HAYNES JOHNSON: Because people believe it's not working, that, that they aren't delivering, you know, that one of the things is so called gridlock, for instance. The voters are very concerned about Washington doesn't work, and you see the spectacle of this Congress at the very last minute getting together with the President to pass some bills that they couldn't do for two years. And that really sort of induces more sense of cynicism and it opens an opportunity for someone to say, hey, we can do it. The problem is the public is also very practical. They want it to work, and they don't believe any new group is going to be able to do better if they don't have the leverage, if they don't have the coalitions that Michael and Doris are talking about. So that's the problem that faces any third party movement, I think.

MS. FARNSWORTH: Bill Kristol, where do you come down on this, the potential for a third party movement that had the right message?

WILLIAM KRISTOL: Well, again, I think Doris makes the key point, which is for a third party movement to really take off, I think it would have to be either a Ralph Nader or Jesse Jackson assault on a Democratic Party that has sold out liberalism, in effect, if Clinton were to lose this November, and it really could be a pretty serious split between those who think some new Democrat moderation is the way to go and a return to the liberal orthodoxy and the tax on business and the like is the way to go. Similarly on the right, if Dole loses, Buchananism poses a real threat to the Republican establishment.

The trouble with Perot's party, the Reform Party as a permanent vehicle, is it's not going to be clear what it stands for. I mean, campaign reform and lobbying reform are, I suppose, decent, maybe very good ideas, maybe not, but you really can't build a third party on that. And I think it's too easy for both parties to incorporate elements of the Perot agenda into their own agendas, and basically leave Perot perhaps getting 8 percent of the vote as just disaffected voters but not really laying the basis for a long-term challenge to either of the current two parties.

MS. FARNSWORTH: Doris, does this period remind you of any other period in the past? And we should mention there are other third parties besides the Reform Party. There's the Green Party. There's the Libertarian Party.
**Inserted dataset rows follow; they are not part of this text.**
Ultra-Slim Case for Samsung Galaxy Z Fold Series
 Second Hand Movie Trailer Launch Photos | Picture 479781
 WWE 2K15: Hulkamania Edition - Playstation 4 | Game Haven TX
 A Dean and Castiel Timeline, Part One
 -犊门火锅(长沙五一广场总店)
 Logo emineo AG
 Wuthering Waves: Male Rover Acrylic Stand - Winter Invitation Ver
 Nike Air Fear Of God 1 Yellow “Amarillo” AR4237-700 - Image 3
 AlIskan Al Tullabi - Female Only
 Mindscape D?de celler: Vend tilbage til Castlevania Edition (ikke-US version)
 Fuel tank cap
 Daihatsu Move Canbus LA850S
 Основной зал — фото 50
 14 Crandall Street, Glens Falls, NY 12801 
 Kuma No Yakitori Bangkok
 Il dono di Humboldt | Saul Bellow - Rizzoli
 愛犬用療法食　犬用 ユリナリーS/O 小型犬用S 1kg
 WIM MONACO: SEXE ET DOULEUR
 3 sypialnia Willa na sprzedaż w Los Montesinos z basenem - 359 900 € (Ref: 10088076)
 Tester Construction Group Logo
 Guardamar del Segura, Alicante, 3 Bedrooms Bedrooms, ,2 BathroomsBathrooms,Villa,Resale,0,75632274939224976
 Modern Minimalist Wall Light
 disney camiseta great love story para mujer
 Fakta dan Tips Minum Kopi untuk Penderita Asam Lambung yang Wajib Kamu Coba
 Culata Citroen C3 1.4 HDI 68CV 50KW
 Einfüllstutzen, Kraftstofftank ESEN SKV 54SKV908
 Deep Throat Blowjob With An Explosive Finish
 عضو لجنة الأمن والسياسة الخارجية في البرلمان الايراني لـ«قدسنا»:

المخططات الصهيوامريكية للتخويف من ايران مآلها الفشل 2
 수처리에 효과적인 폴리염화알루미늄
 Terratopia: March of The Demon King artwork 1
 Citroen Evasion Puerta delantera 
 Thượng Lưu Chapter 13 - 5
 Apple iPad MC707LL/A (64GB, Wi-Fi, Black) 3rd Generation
Is there anything that really makes you think of some particular period in the past?

DORIS KEARNS GOODWIN: Well, I think if Haynes is right, that there's a real disaffection from both parties and people feeling that government isn't answering their needs, that in a certain way goes back to the pre-Civil War era when people felt that the Whigs and the Democrats were not answering their needs. And as a result, the Republican Party was formed as an anti-slavery party because neither party was able to accommodate this huge sentiment.

And the interesting thing is I think when you look at today, even though there's a lot of obstacles to a third party, what was the biggest obstacle in the past were people felt emotionally identified as a Republican or a Democrat for the last century. Their parents were one or the other. That was like a religion. It was like family. That has diminished. There's a lot more independence out there, and even if you are a Republican or a Democrat, it's not part of your identity in the same way. That leaves us free to move to another party if that party has a message that attacks our own needs and our own desires.

MS. FARNSWORTH: Thanks, Doris. Thanks all the rest of you.